I know I am not the first mom to face an empty nest, so why does it feel like I am?  I knew my sons would grow up, but it’s as if I’ve discovered a surprising and disconcerting fact– Time does not listen to me!  It won’t slow down.  I can’t put it on “pause” until I’m ready for it to move on.  I can’t go back in time to redo some things I’m just now figuring out.

Okay, so I know I haven’t discovered anything new.  I know I was even warned of this by other moms who had already experienced it.  They made comments to me when my boys were babies and toddlers.  “Enjoy it while you can!”  “This will all go by so fast!”  But I don’t recall them telling me that mixed in with the pride and joy would be this unnerving sense of fear and doubt.  I know I made mistakes as a mom.  I can look back and see inadequacies and laziness.  And I don’t recall them telling me that my heart would begin constantly replaying mental videos of rocking my small boys, reading to them, and listening to their childish prayers.  Why didn’t one of those moms grab me by the shoulders, look me in the eyes and say, “Make the MOST of every single day.  I’m serious!”

This past Sunday I watched our firstborn son, Gary, participate in the graduation ceremony of the Bear Valley Bible Institute.  I think I kept shaking my head as he walked down the aisle.  Didn’t I just have him?  Then Sunday night I watched our youngest son, Carl, preach a sermon.  He didn’t need the little step stool to see over the pulpit.  He looked and sounded like a grown man.  When did that happen?  How is it possible that my baby will be a senior this fall?  And this very afternoon we will take our middle son, Dale, to the airport.  He is going to Alaska to begin a summer internship with a church in Anchorage.  Did you know it’s over 3,000 miles from here?  I don’t think a state that’s one of ours should be allowed to be that far away.  With all of these events, I just want to grab each of them, pull them close, and hug them fiercely.  I have one continual prayer, “God, please!

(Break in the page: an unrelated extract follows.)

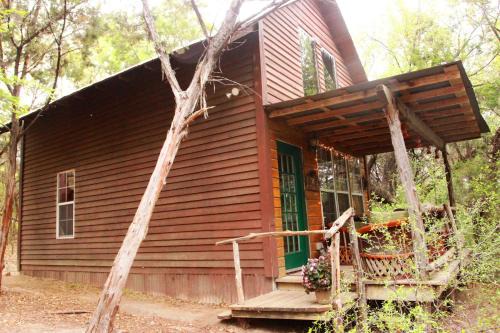 Marble Falls Casa | The Firehouse at Creekside Camp & Cabins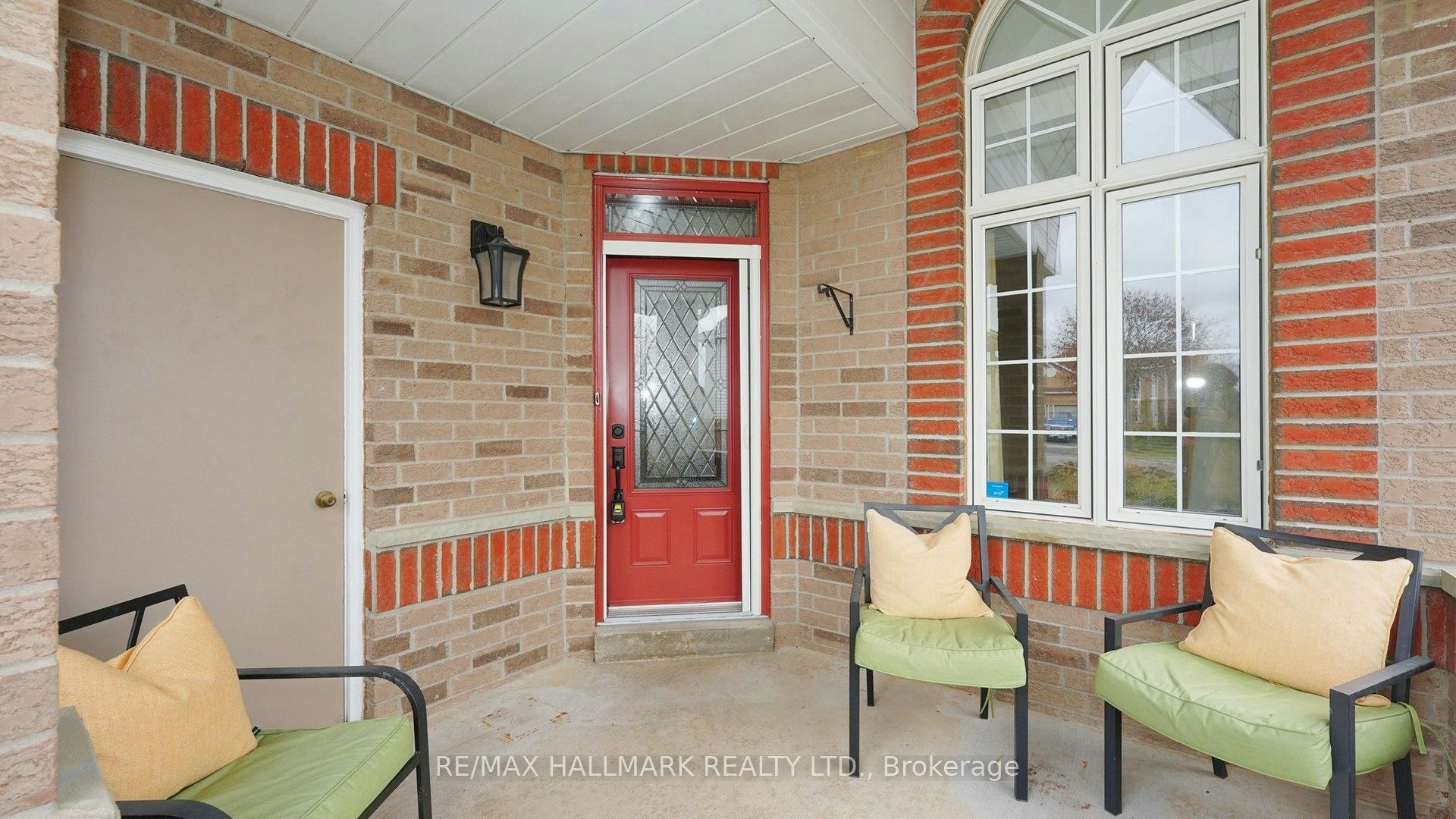 1035 Beatrice Street E, Oshawa, ON, L1K 2L3 - 4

Be with them.  Help them always put you first!

For years I’ve been meaning to write each of my boys a letter to read in the event of my death.  I’ve been putting it off because I knew it would be an emotional undertaking.  I finally did it a couple of weeks ago.  It took me five hours to write three letters.  I gave it to them on my birthday since it’s possible they could be senior citizens before I die, and I want them to know my hopes for them before then.  None of them wanted to read their letter.  Carl finally opened his a few days later.  Then Gary was next.  Dale still hasn’t read his.  He has only gone as far as opening the corner of the envelope.

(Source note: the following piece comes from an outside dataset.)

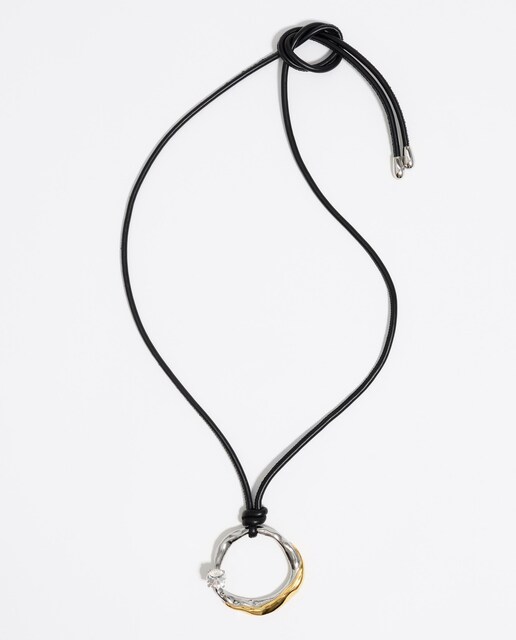 Imagem 0 de Colar Aro com Textura e Cordão em Preto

And that brings me to the point of this post (finally).  As I wrote those letters and thought about what I wanted to impress the most upon my children, it amazed me how easily it was to figure out.  It all boils down to the past, present, and future.

  • Past:  I have loved them with all my heart from the very beginning.  God has loved them even longer than that.
  • Present:  My only desire is that they will love God with all their heart and serve Him with all their might.
  • Future:  I want to see them in Heaven.

With their whole upbringing condensed to these truths, it seems that parenting has never had to be overly complicated.  It’s really all about taking the time to focus on what truly matters.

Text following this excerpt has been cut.